Je ne me souviens plus du déroulement exact de la journée. Ce que je sais, c’est que lors de la dernière manche, il me fallait un poisson pour gagner. Eviter le capot obligatoirement. Le truc, c’est que les soies tombaient sur l’eau depuis le matin et que tous les poissons étaient au milieu du plan d’eau. J’ai utilisé le règlement dans mon intérêt au grand dam de Jacques qui était remonté contre moi, je m’en souviens très bien. On avait le droit à deux mouches, quelque soit la densité. J’avais alors mis un truc bien coloré en potence et très flottant qui me servait d’indicateur. En pointe, une nymphe mégot, autre trouvaille géniale d’André. C'était donc tout à fait dans les cordes du règlement et les réactions hostiles m'amusaient plus qu'autre chose du coup. J’avais le vent dans le dos. Après avoir lancé au plus loin de mes possibilités, j’ai laissé le vent et les vagues sur le lac porter mon indicateur et ainsi amener ma nymphe au milieu du lac. Ce qui devait arriver arriva, et j’ai du ferrer un poisson à près de 50 mètres après que l'indicateur eu disparu. Cette truite arc-en-ciel me donna la victoire. J’avais appelé mon père pour lui dire dans la foulée. Il était très pudique en termes d’émotions et de sentiments, mais je savais qu’au fond de lui, il était très fier de son fils. Ce que je ne savais pas, c’est qu’André était chez nous, et que par conséquent, il savait aussi. Mon père et André était très bon copain. Ils s'entendaient à merveille.

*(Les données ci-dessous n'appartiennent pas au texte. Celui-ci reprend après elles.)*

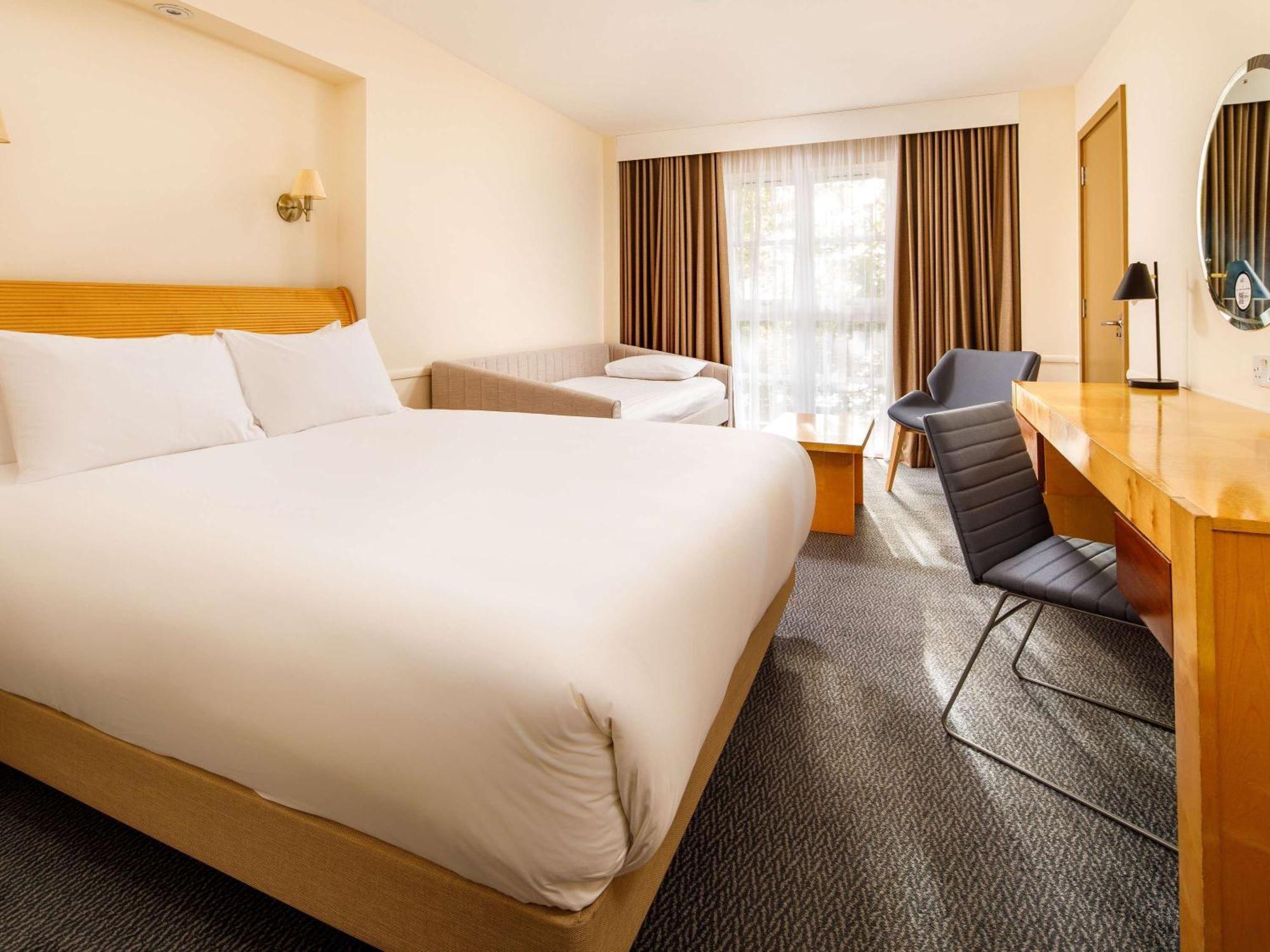 Sunday London Staines-Upon-Thames Heathrow T5 Hotel Exterior foto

En rentrant à la maison, j’avais sur la table de la cuisine un bouquet de plumes de vautour fauve avec un mot signé de la main d’André. Ma plus belle récompense. J’ai appris très récemment que ces plumes lui venaient d’un ami espagnol nommé Luis avec qui je suis en contact aujourd’hui. Dire qu’aujourd’hui pour rendre un gamin heureux, il lui faut le dernier cri en matière de téléphone, moi, quelques plumes ont suffit…J’étais réellement le plus heureux des mômes !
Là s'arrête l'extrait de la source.